Public Says Only 1 in 3 Farmers Care for the Environment


by Kayla Sargent

As discussions about the environment, particularly agriculture’s impact on it, intensify the Center for Food Integrity (CFI) asked consumers “do farmers protect the environment?”  The results are in and only 30 percent of respondents strongly believe producers take good care of the environment, about 60 percent are unsure.

“They’re just not sure farmers are doing enough,” CFI’s Terri Moore said.

Polling a random crowd on the street, some of the answers paint a poor picture of the American farmer.

“I think they’re hurting our environment at an alarming rate.”

“I think they’re smarter about maximizing the use of land.  But no, because they don’t live on the land, they’re not careful with the stewardship of it.”

“It’s hard to protect the environment when there’s so much strain on them to produce so much food.”

“Those huge commercial farms – I don’t think they’re doing anything to protect the environment.”

“Some do, some don’t. I think it’s about 50/50.”

CFI has found that a recurring concern is the idea among consumers that “big is bad.”  Four out five respondents believe that small farms will put the publics’ interest ahead of those of the farm.  But that number is slashed in half when CFI asked about larger operations.

“As the size and scale of farming grow, the public doesn’t trust that large farms have the public’s best interests at heart,” Moore said.

She explained that many think profit and efficiencies outweigh the importance of human and environmental health on large scale operations.  However, the silver lining is that people tend to trust the farmer as an individual person.  In fact, CFI research has found that consumers trust farmers over dietitians, university scientists, state and federal regulators, and animal rights and environmental advocacy groups when it comes to food-related issues.

So the poor response about farmer’s role in the environment could potentially stem from the size concern and also the fact that agricultural producers are not involved in the conversation as much as they ought be.

“As the original stewards of the land, farmers should be smack dab in the middle of that conversation,” Moore said.  “They have an impressive story to tell.”

She said the number of producers actively engaging in the conversation, mainly online, is increasing, but it is still a small portion.

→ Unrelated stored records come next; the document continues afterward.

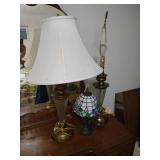 Three Lamps- Stained Glass & Pair of Tall Glass & Brass Lamps Three Lamps- Stained Glass & Pair of Tall Glass & Brass Lamps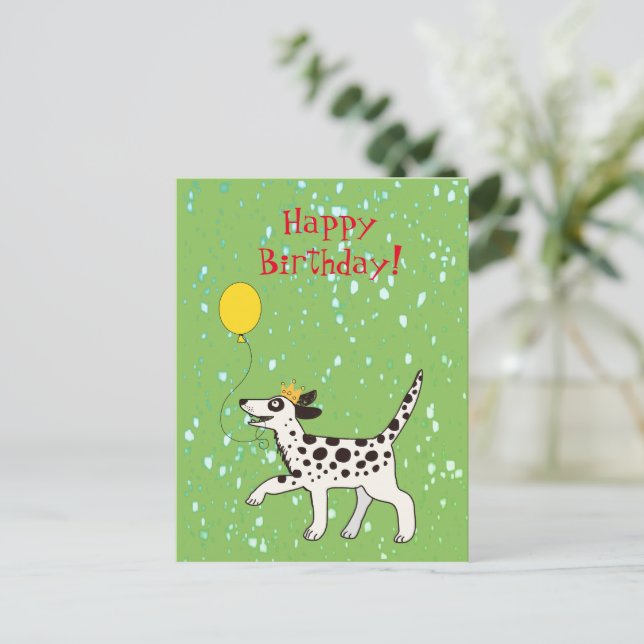 Carte Postale Chien dalmate souhaite un joyeux anniversaire (Debout devant)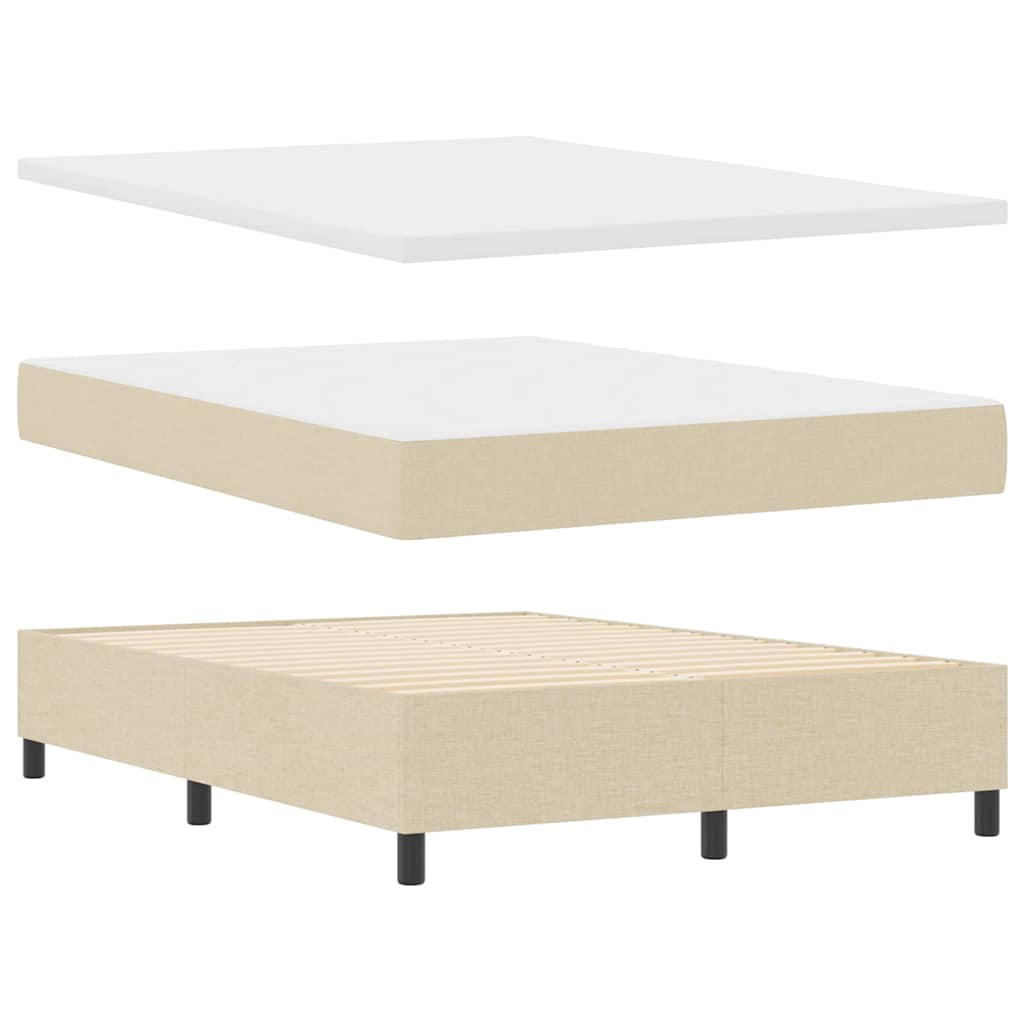 LED Boxspringbett mit Matratze Creme 160 x 200 cm Stoff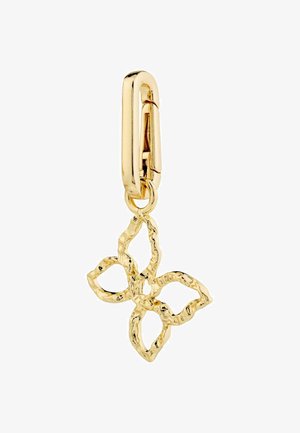 Gouden fleurige charme met een abstract, gestructureerd ontwerp met vier bloemblaadjes, bevestigd aan een platte clip voor eenvoudig bevestigen.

“By contrast, the price for silence has been high as critics of agriculture have energetically engaged to raise concerns in well-connected online networks,” Moore said.

She said every indication says these conversations will only intensify by multiples, as will the pressure on the agricultural industry to reduce its carbon footprint.  But, she pointed to some facts to back up the producers story.  Since the 1940s, dairy farmers have reduced the carbon footprint per gallon of milk produced by two thirds.  Swine producers are using 75 percent less land, 25 percent less water, and seven percent less energy to produce more pork than fifty years ago.  Wheat farmers have increased yields by more than 25 percent since 1980 while using 28 percent less land, reducing soil erosion by 47 percent, and using 12 percent less irrigation water.

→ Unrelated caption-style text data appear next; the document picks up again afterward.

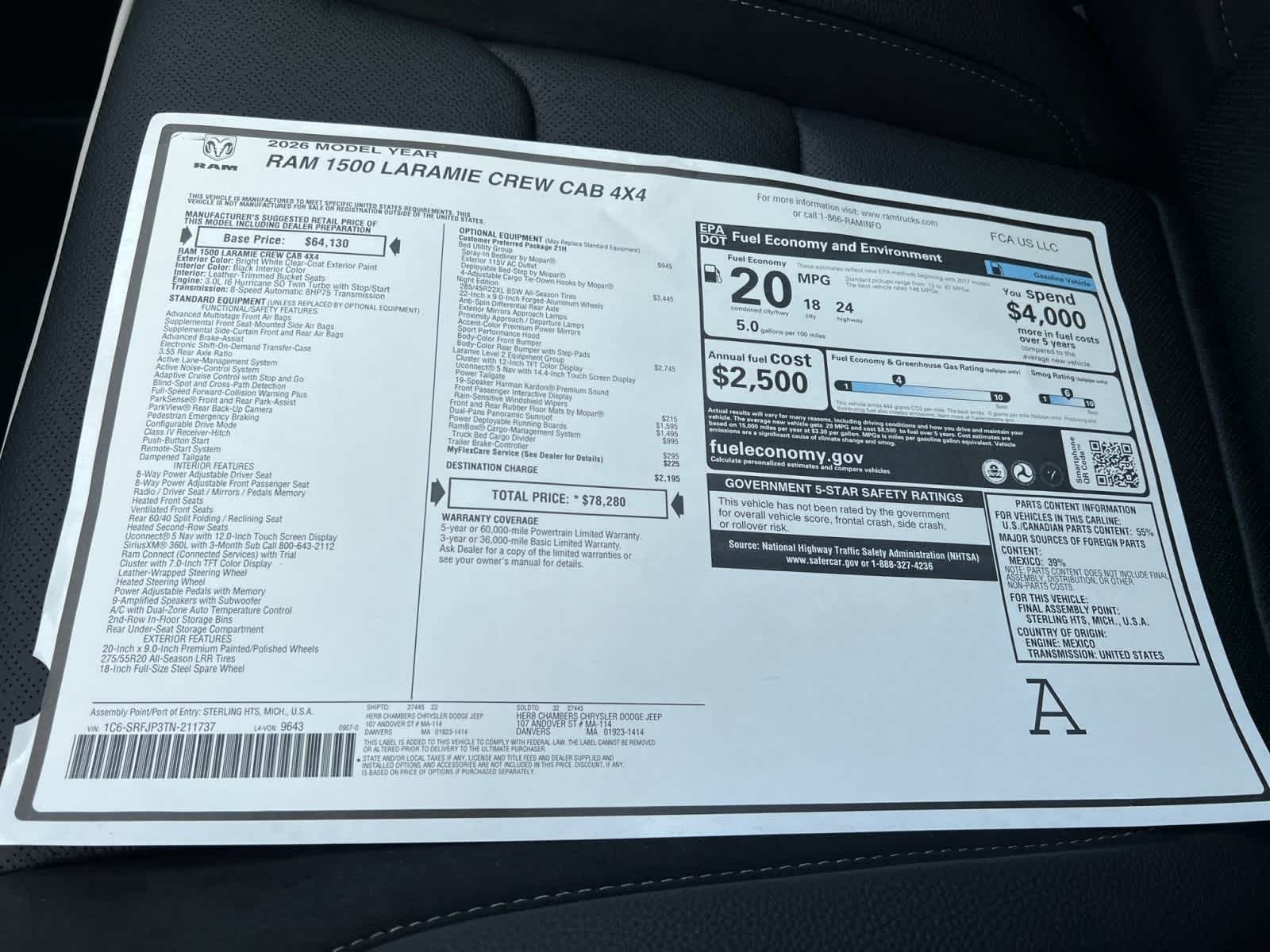 new 2026 Ram 1500 car, priced at $74,830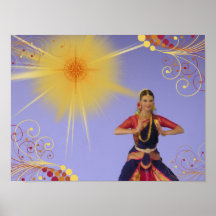 Danseur de l'Inde avec Sun (peinture) Affiches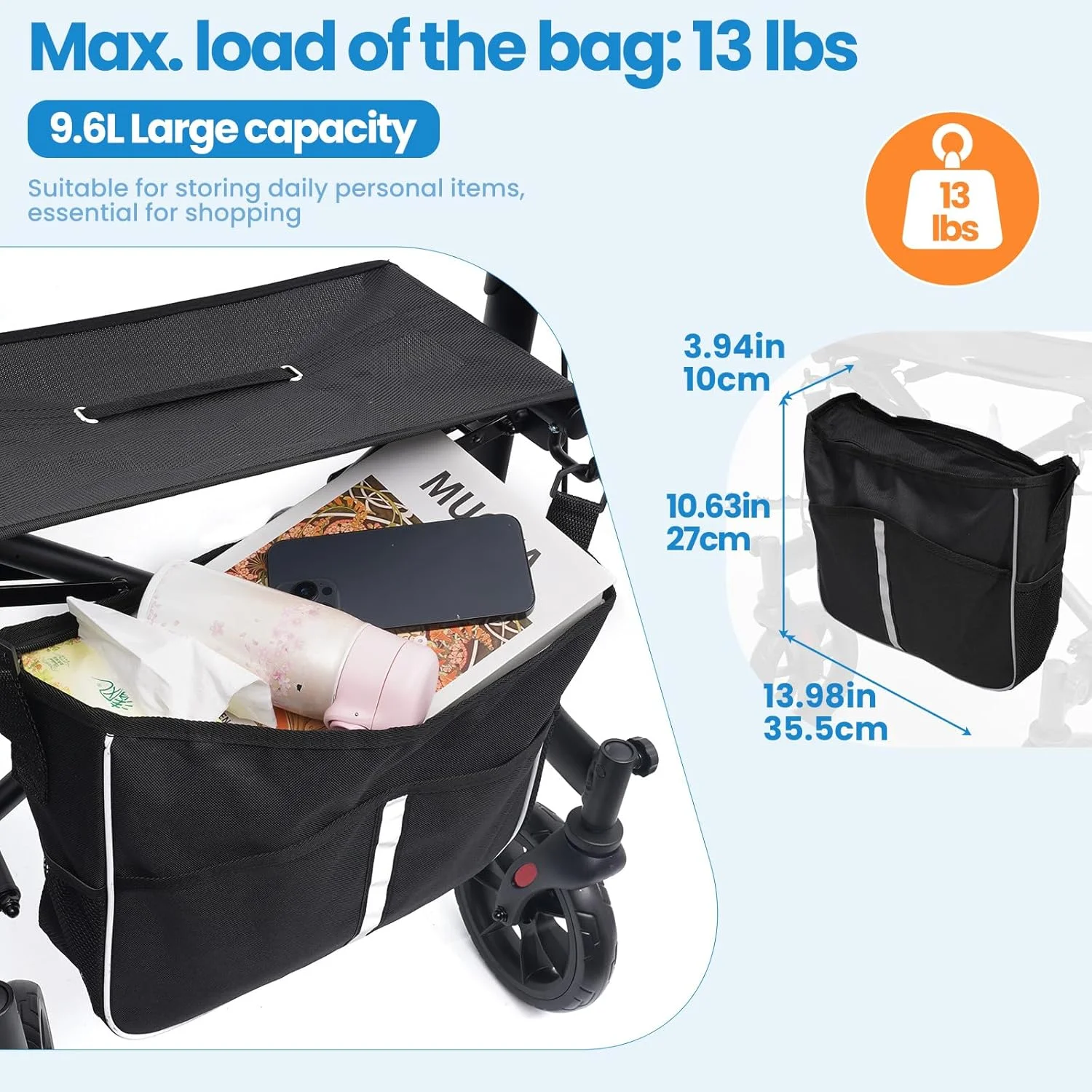 واکر رولیتور برای سالمندان/بزرگسالان، واکر چرخ دار تاشو با صندلی، ظرفیت 150 کیلوگرم، 4 چرخ بزرگ 8 اینچی، دستگیره های دستی با قابلیت تنظیم ارتفاع، واکر آلومینیومی سبک وزن، پشتی قابل جابجایی 7209 (مشکی) واکر رولیتور برای سالمندان/بزرگسالان، واکر چرخ دار تاشو با صندلی، ظرفیت 150 کیلوگرم، 4 چرخ بزرگ 8 اینچی، دستگیره های دستی با قابلیت تنظیم ارتفاع، واکر آلومینیومی سبک وزن، پشتی قابل جابجایی 7209 (مشکی)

These facts need to be aired, because CFI found that 65 percent of their respondents want to know more about agriculture and the public conversation is happening without producer input. This presents a “golden opportunity” for producers to engage, Moore said.

She encouraged producers to take advantage of public speaking opportunities if they become available.  She said it is helpful to pitch story ideas to media about seasonal production milestones like planting and harvest, then incorporate messages about sustainability.  Social media channels provide an outlet for photos or short videos about the operation.  It’s also important to engage in day-to-day conversations with others, not to tell them what farmers are doing, but to learn about their concerns so they can be addressed in a meaningful manner.

“Farmers have a trust halo.  Now is the time to leverage it to demonstrate a commitment to continuous improvement, as pressure intensifies to achieve greater environmental outcomes more rapidly than ever before,” she concluded.